Affiliations: CTO, Opera Software; Chairman, YesLogic
Abstract: This paper describes a case study on the markup behind "info-boxes" in Wikipedia articles. Currently, the markup uses HTML tables to achieve its formatting. A rewritten version of the code is more semantic, more compact, more readable, and more friendly to reuse — while still maintaining the same presentation in standards-compliant browsers. A key part of the solution is to use the CSS "inline-block" feature.
Keywords: Wikipedia, markup structured documents, style sheets
Date: 2009-03-23
This case study is part of a series.
Many Wikipedia articles contain "info-boxes" on the right side. Info-boxes contain essential statistics about the subject of the article, in a format that can easily be compared with other similar subjects. For example, all articles about countries have an info-box with the name of the country, its flag, name of the capital etc.
When trying to print Wikipedia articles, info-boxes pose some challenges due to the HTML code behind the info-boxes.
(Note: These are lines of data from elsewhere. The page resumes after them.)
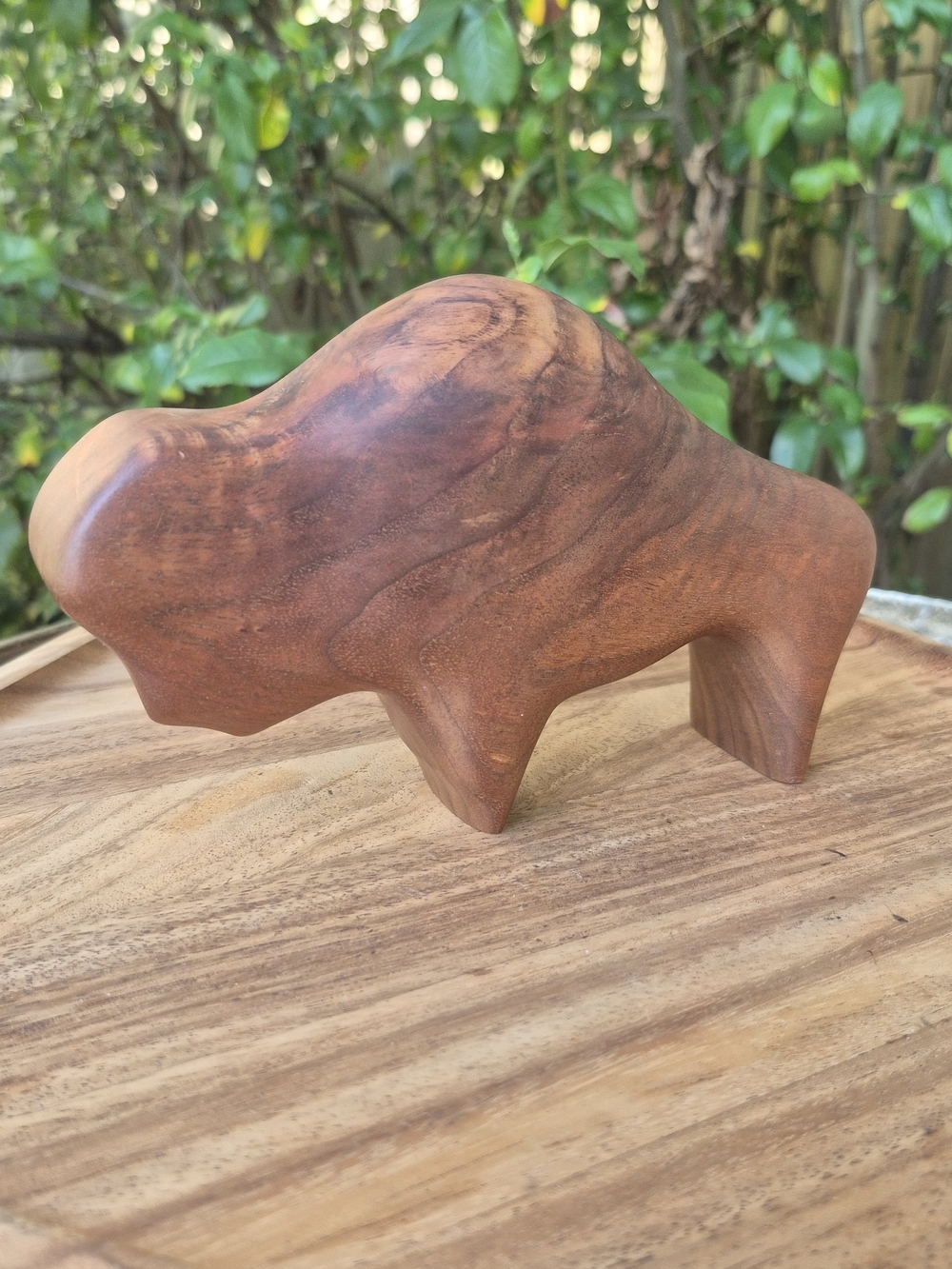 Vintage Mid-Century Modern Alan Middleton Signed Walnut Wood Bison Sculpture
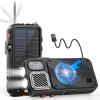 Emergency Radio&22000mAh Solar Power Bank, FM NOAA Weather Radio, Portable Hand Crank Bluetooth Radio, 20W Fast Charge Wireless Phone Charger, SOS Flashlight for Emergency/Home (Orange) view 1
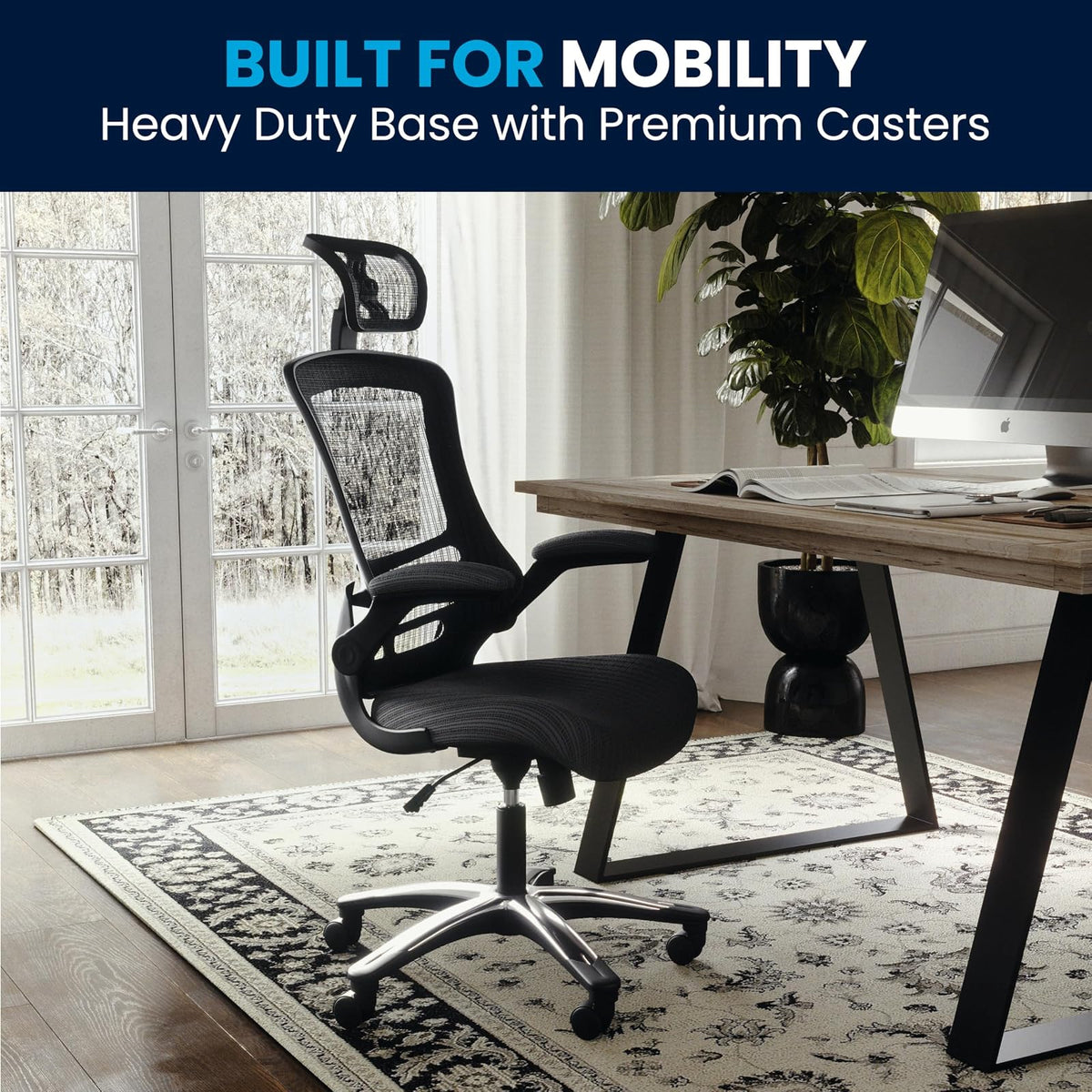 Flash Furniture High-Back Black Mesh Swivel Ergonomic Executive Office Chair with Flip-Up Arms and Adjustable Headrest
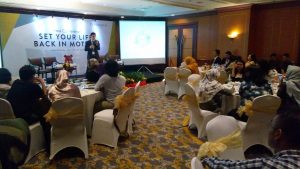 Suasana presscom di Hotel Borobudur Jakarta (foto : Nur Terbit)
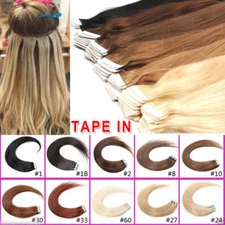 Double Drawn Blonde Weft Tape In Remy Human Hair Extensions 14-26Inch Full Head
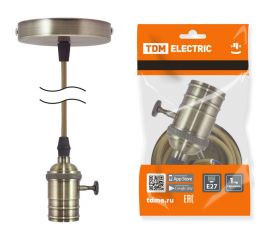 Патрон TDM Е27 с выключателем с подвесом 1 м, металлический ""Лофт"", бронза SQ0335-0074 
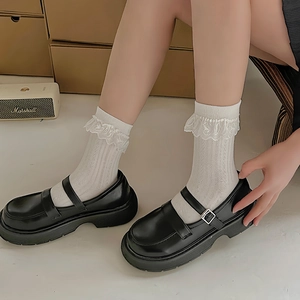 Chaussettes Lolita Femmes Coton Doux Garniture Dentelle Volants Mi-Mollet Bas Style Japonais Mignonne Princesse Nœud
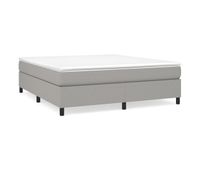cama box spring con colchon tela gris claro 180x200 cm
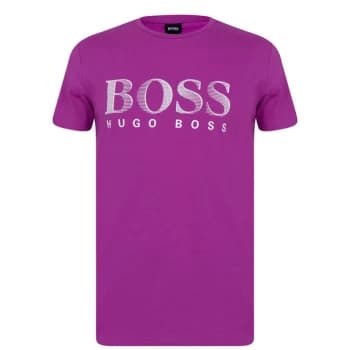 Hugo Boss Crew Neck Large Logo T-Shirt Bright Purple Size L Men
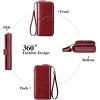Women's fashionable pink synthetic leather wrist guard wallet with snap button and zipper closure,compact card holder and phone compartment - 4 of 4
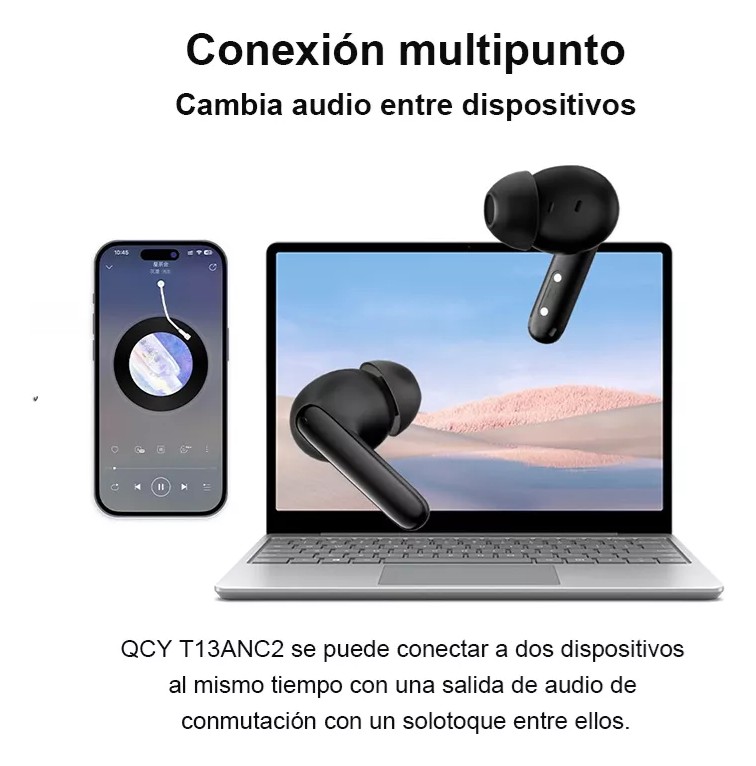 Foto 6 pulgar | Audífonos Inalámbricos Qcy T13 Anc 2 Bluetooth Con Cancelación De Ruido Negro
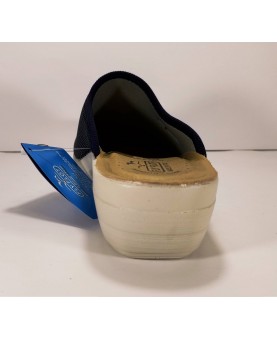 Pantofola da donna Fly Flot blu automodellante in vera pelle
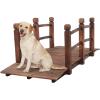imageVINGLI 5 ft Garden Bridge Classic Wooden Arch with Safety Rails Stained Finished Footbridge Decorative Pond Landscaping Backyard Creek or FarmCarbonized Wood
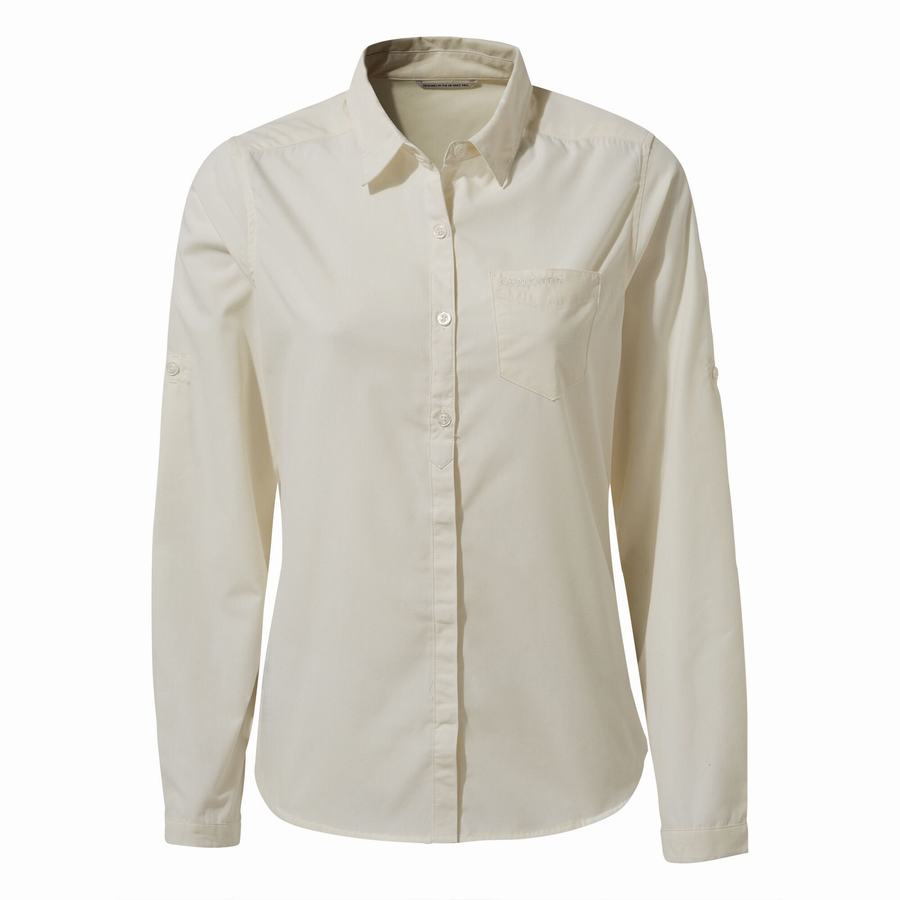 White Craghoppers Kiwi II Long Sleeved Women's Shirts | QMJ166QS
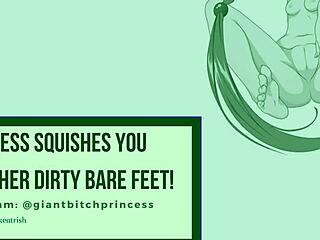 imagine my giant dirty bare feet teasing your tiny cock before i trample you flat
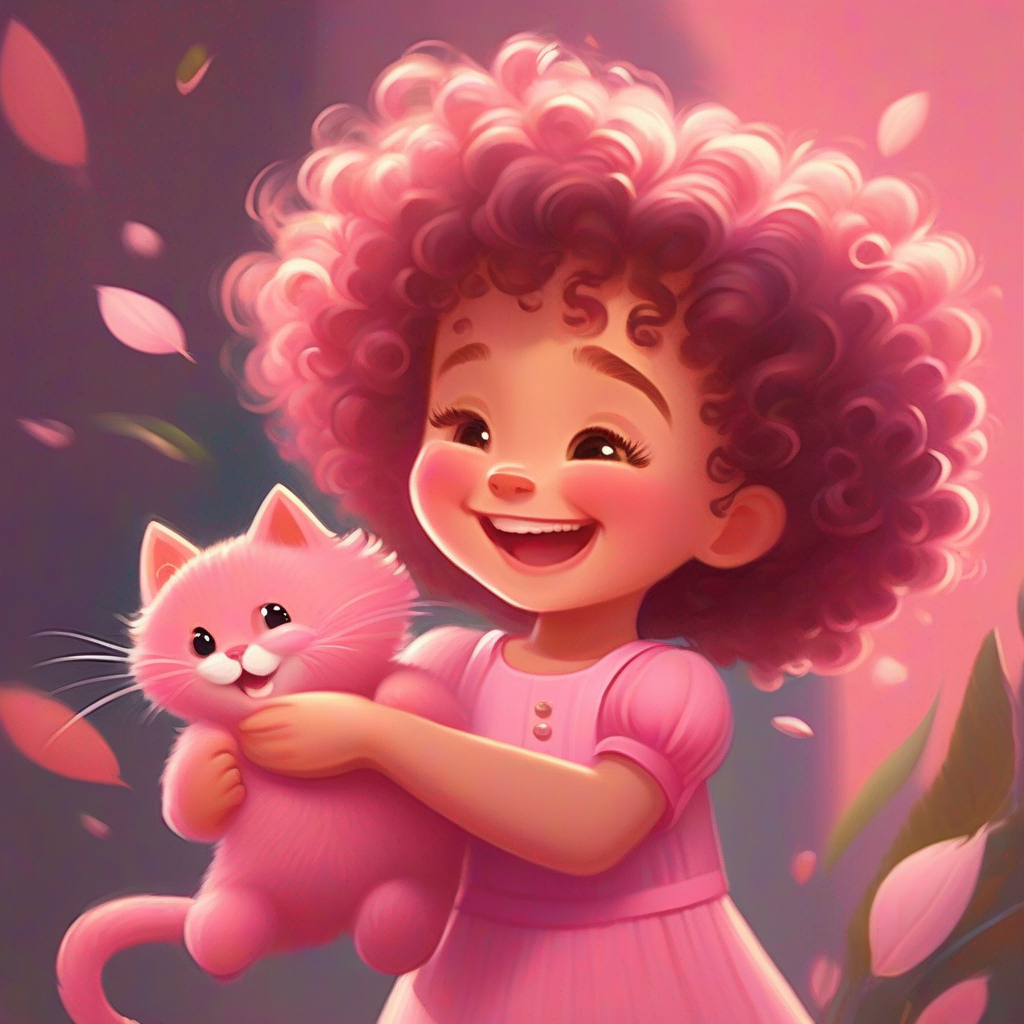 Cute girl with curly hair, pink dress, and a big smile. tickles cat's tummy, both giggle happily.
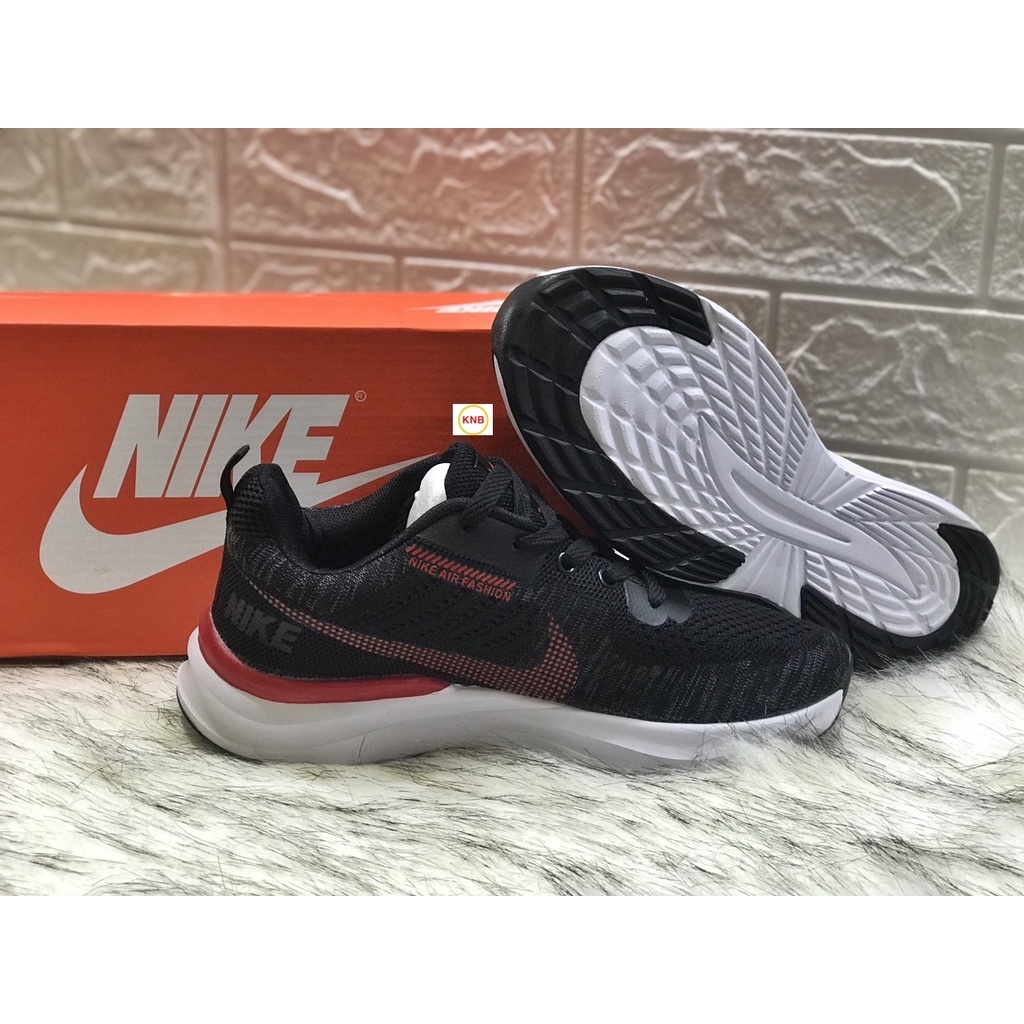 [Freeship + Tặng Kèm Tất] Giày thể thao nam Nike Zoom, Giày Nam Chạy, Đi Bộ Đế Mềm Nike Zoom đen logo đỏ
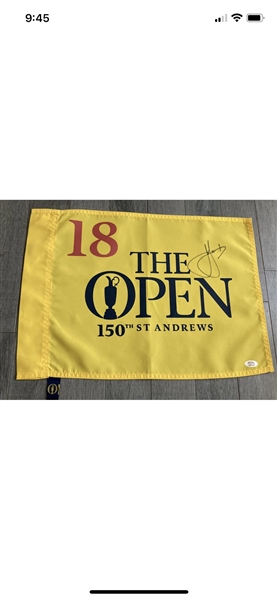 Cam Smith Signed 2022 The OPEN at St. Andrews Screen Flag PSA #AM41827
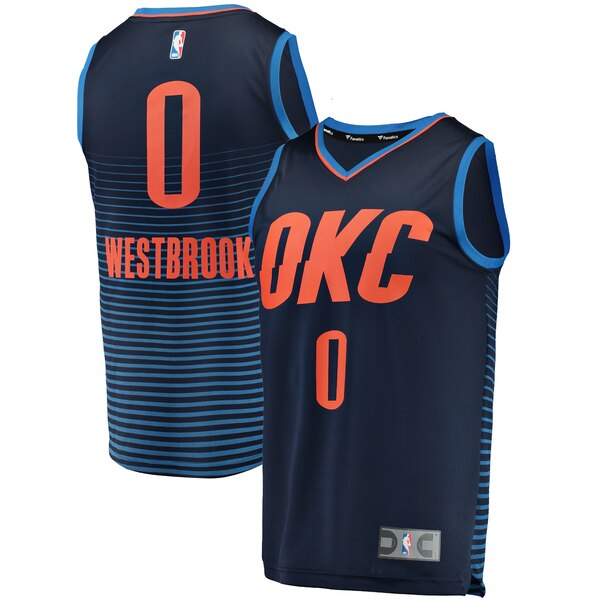 maglia russell westbrook 0 2020 oklahoma city thunder navy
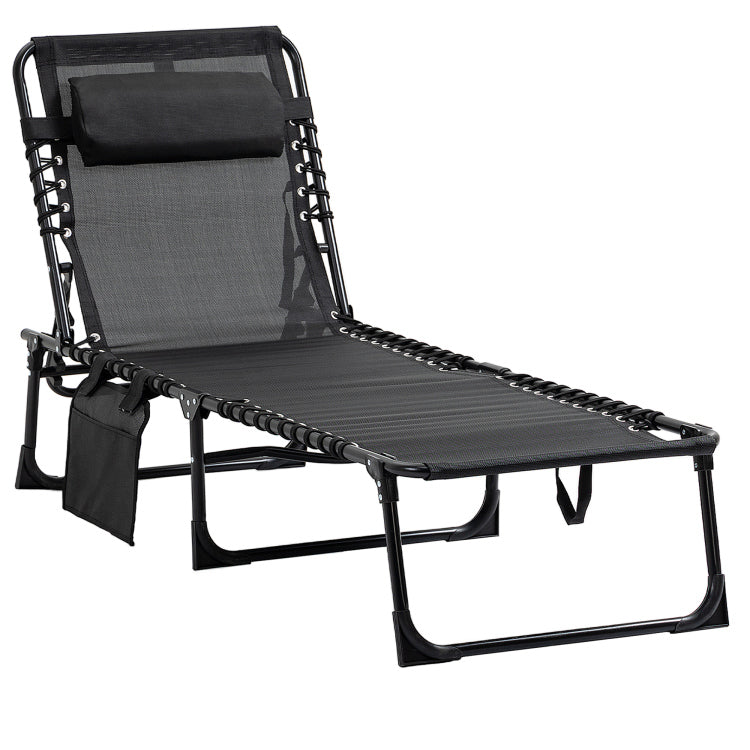 Outsunny Reclining Chaise Lounge Chair, Portable Sun Lounger, Folding Camping Cot, With Adjustable Backrest And Removable Pillow, For Patio, Garden, Beach, Black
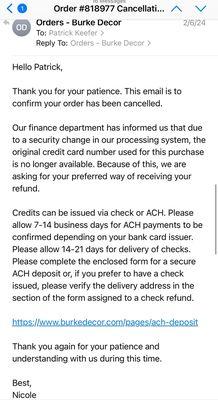 Burke Decor acknowledging my cancellation and stating they would issue a refund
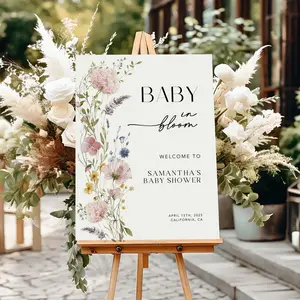 Wildflower Baby Shower Sign Pink Boho Wildflower Poster Printable Garden Flower Welcome Sign Editable Printable Canva Template 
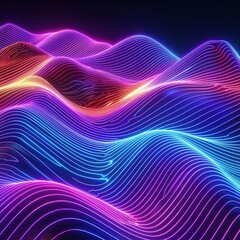 Wall Mural - Big neon wave background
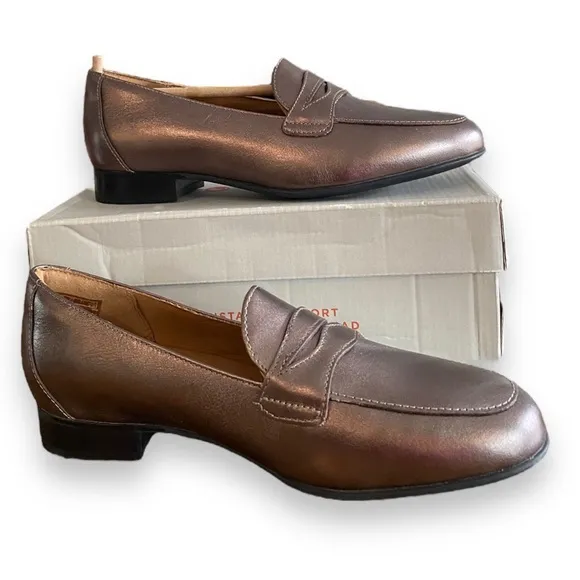 Clarks Unstructured Blush Metallic Women's Loafers 6.5 W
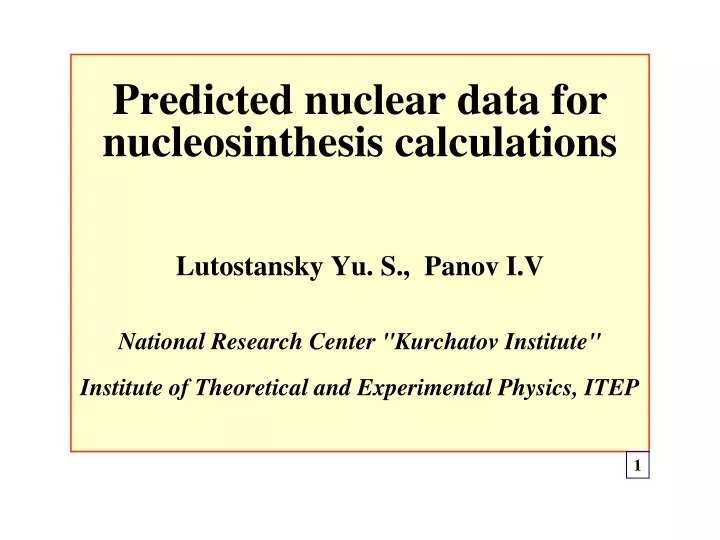 predicted nuclear data for nucleosinthesis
The current markup uses HTML tables to achieve their presentation. This is not entirely unreasonable; much of the information in the info-boxes is tabular in its form. However, the chosen markup is poorly structured and extensive use of style attributes makes it hard to re-purpose the articles for other presentations, e.g., printing.
I have studied the markup behind one info-box in particular, namely the one for Norway (which happens to be my native country). All countries use the same templates to generate their info-boxes, so the findings should be relevant beyond this specific articles.
I have also created an alternative, table-free version of the
info-box. Instead of tables, the markup in my alternative version uses
semantic HTML elements (dl, dt, dt, ol, li) combined with
some of the more advanced features of CSS 2.1. In particular, inline-block and counters are used to replicate the traditional presentation of info-boxes.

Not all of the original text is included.